- DIRECTIONS: Beginning with the line that contains "Fototapeta premium Woodland" and ending with the line that contains "4 Bedroom Property", reproduce the lines of the entries below exactly, omitting pictures.

- THE RECORDS:
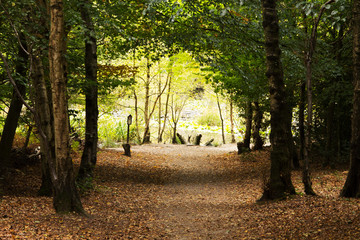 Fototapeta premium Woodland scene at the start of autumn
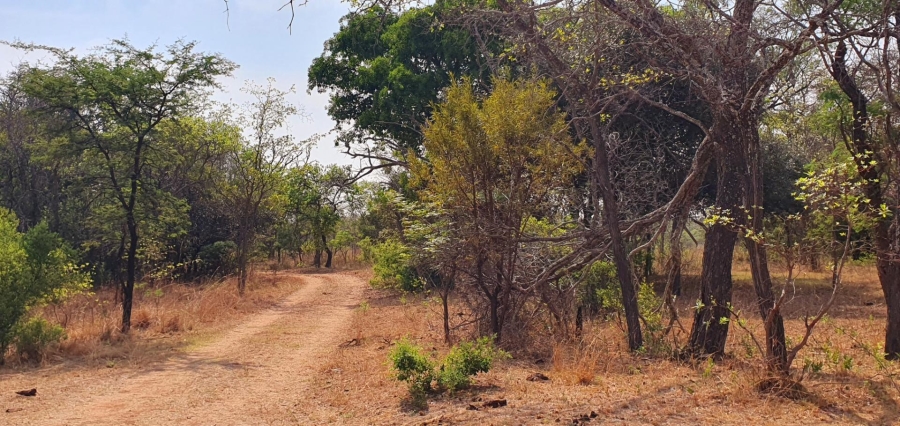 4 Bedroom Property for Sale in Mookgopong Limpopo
--
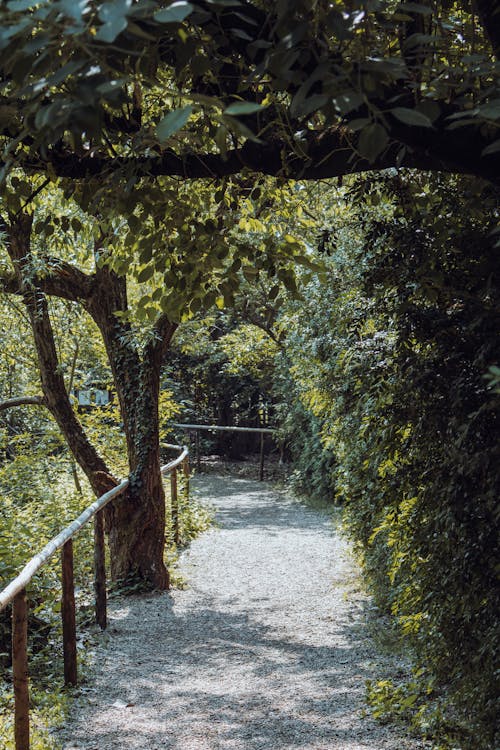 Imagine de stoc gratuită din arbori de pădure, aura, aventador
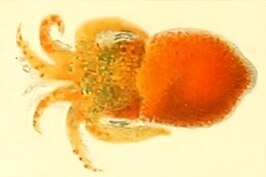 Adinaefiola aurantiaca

- EXERCISE RESPONSE:
 Fototapeta premium Woodland scene at the start of autumn
 4 Bedroom Property for Sale in Mookgopong Limpopo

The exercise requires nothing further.